§ ABOUT THIS TASK:
In your copy, include no images and return each entry exactly as written.

§ EXCERPTED DATA:
* * *

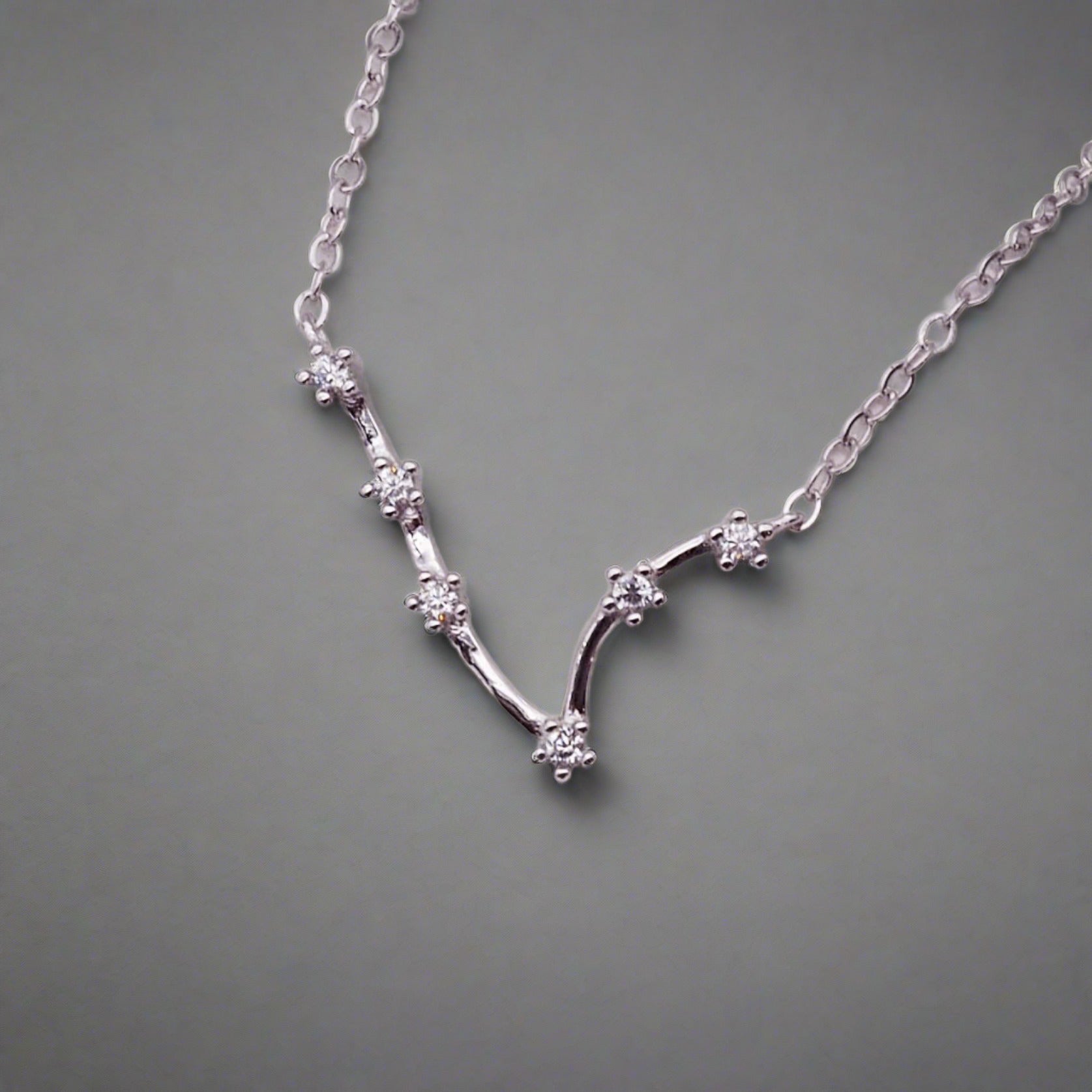 Pisces Constellation Necklace - womens jewellery by indie and harper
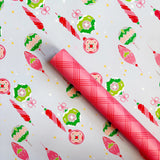 Ornaments Gift Wrap Sheets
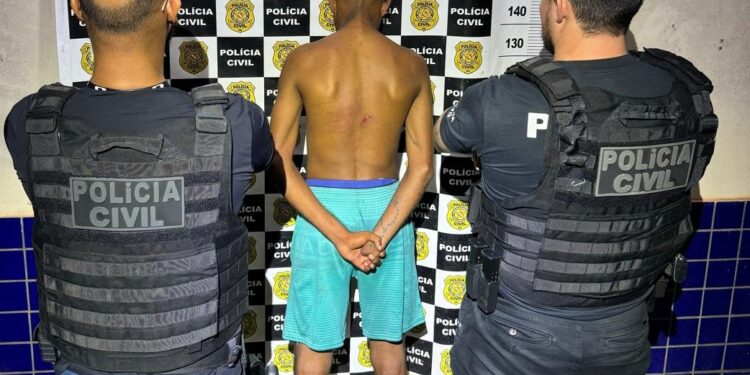 "Neguinho" é preso suspeito de roubo e estupro em Itaituba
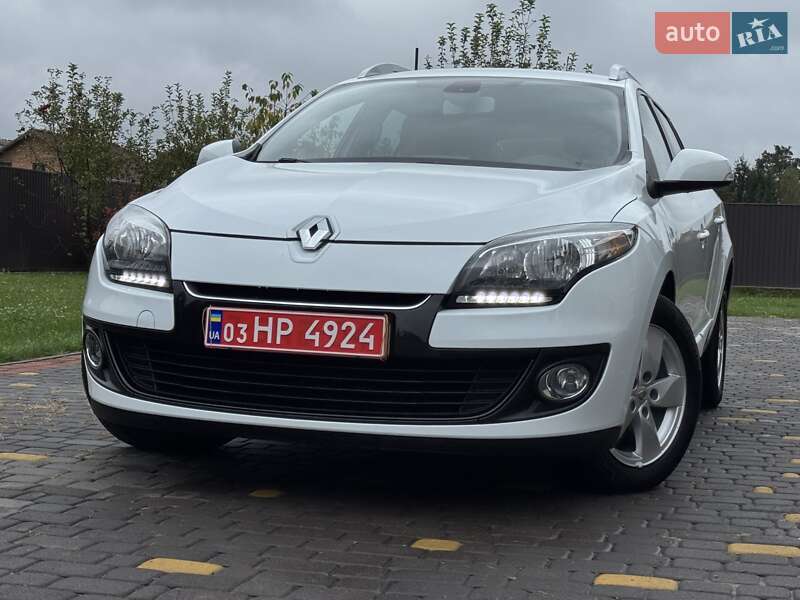 Универсал Renault Megane 2013 в Киеве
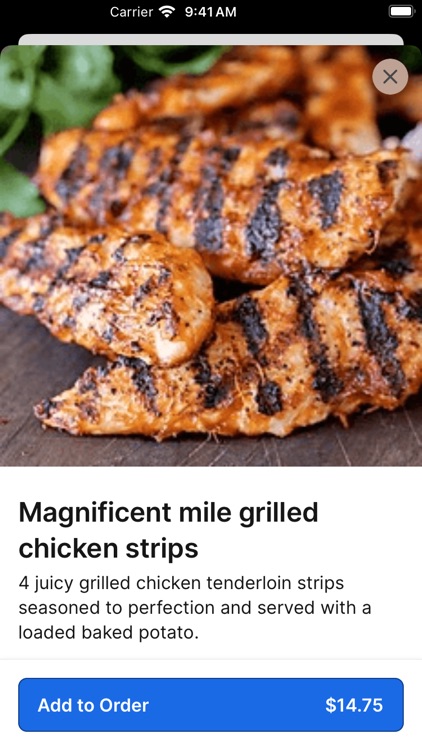 Shades Bar & Grill screenshot-3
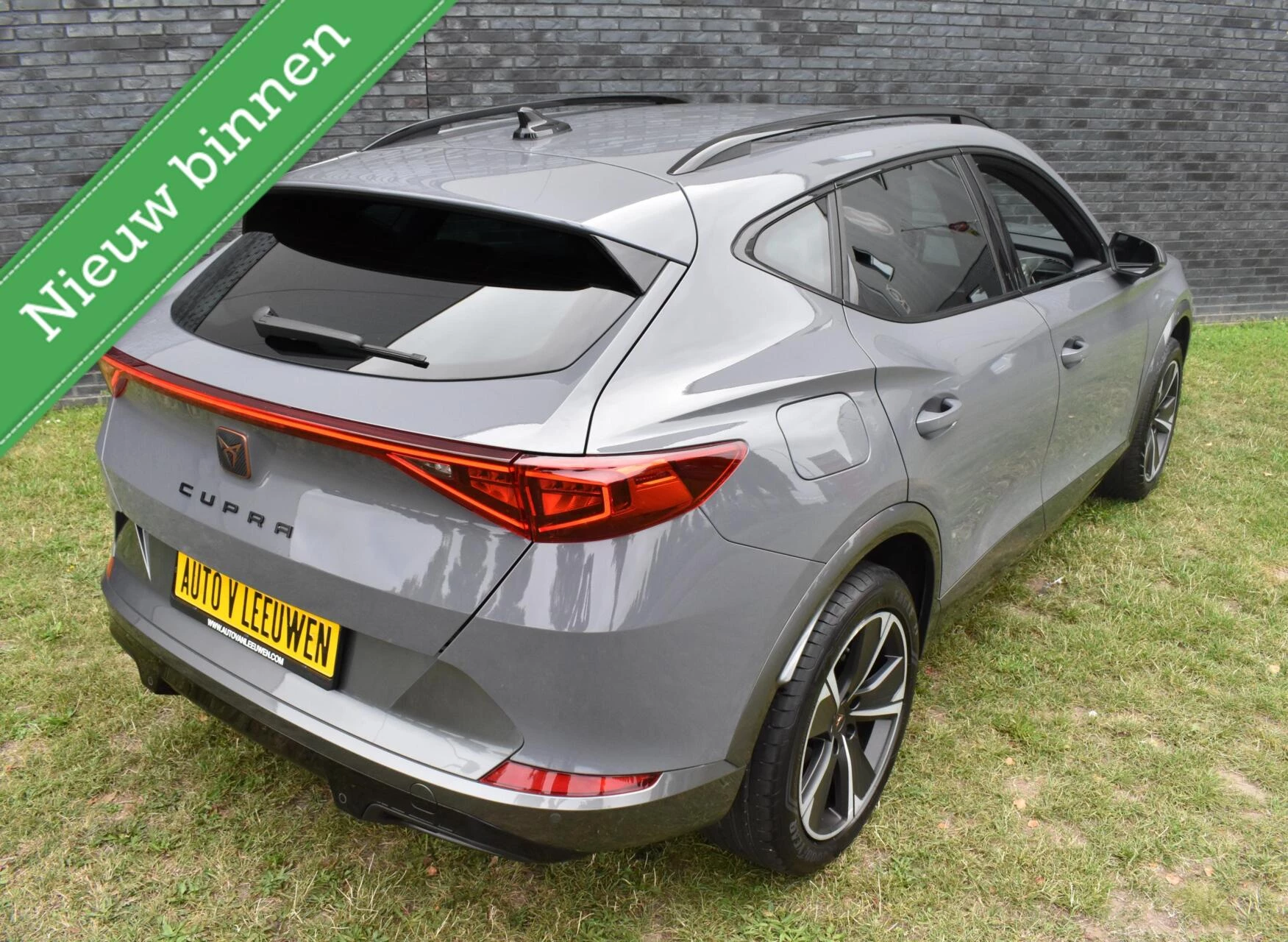 Hoofdafbeelding CUPRA Formentor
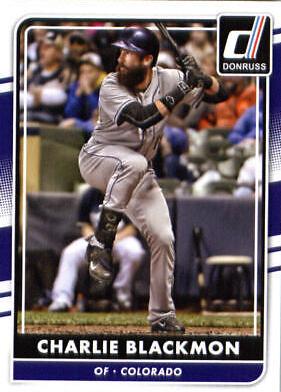 Charlie Blackmon #103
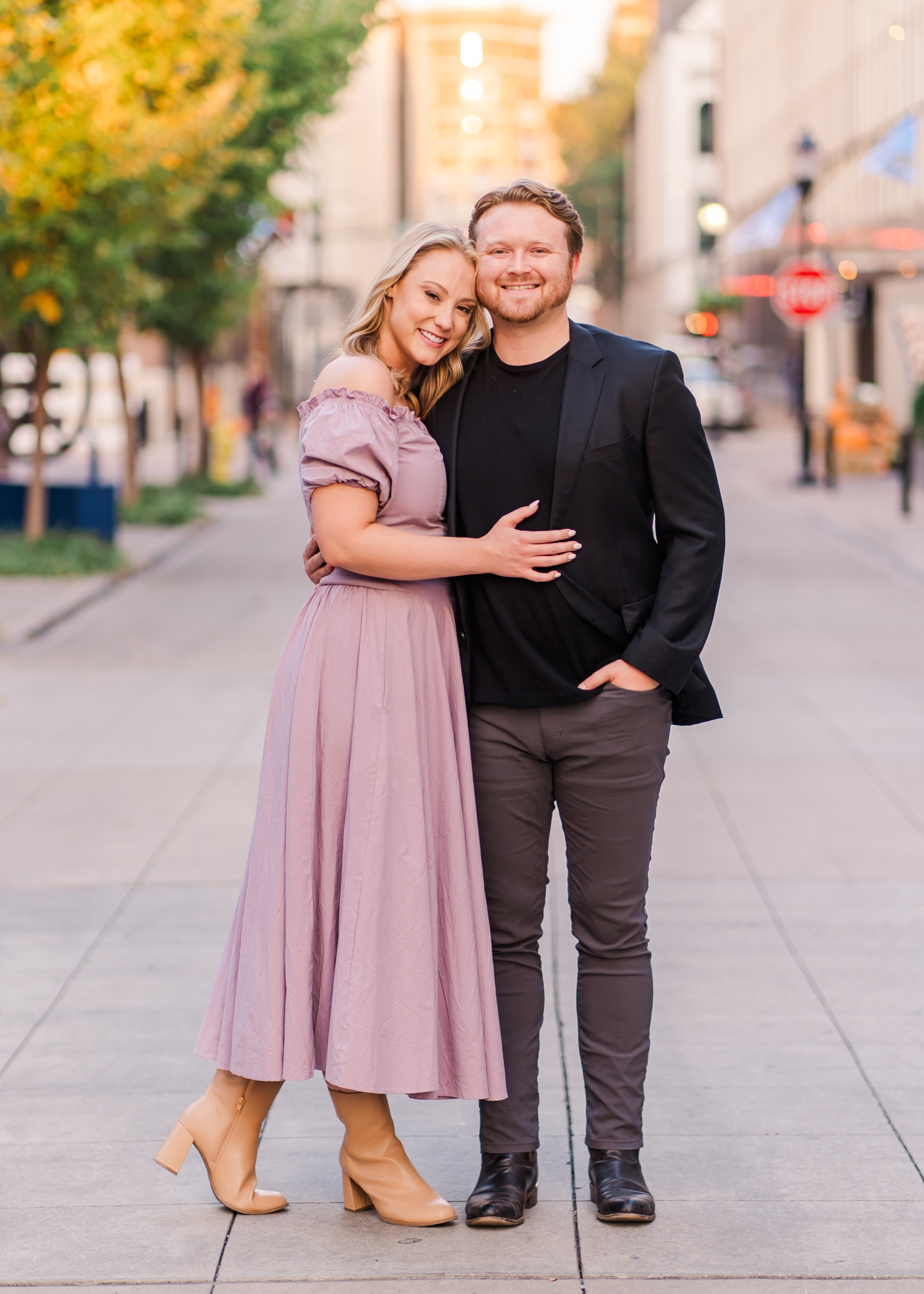 Downtown Chattanooga Engagement Shoot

* * *

§ FINISHED EXERCISE:
 Pisces Constellation Necklace - womens jewellery by indie and harper
 Ornaments Gift Wrap Sheets
 "Neguinho" é preso suspeito de roubo e estupro em Itaituba
 Универсал Renault Megane 2013 в Киеве
 Shades Bar & Grill screenshot-3
 Hoofdafbeelding CUPRA Formentor
 Charlie Blackmon #103
 Downtown Chattanooga Engagement Shoot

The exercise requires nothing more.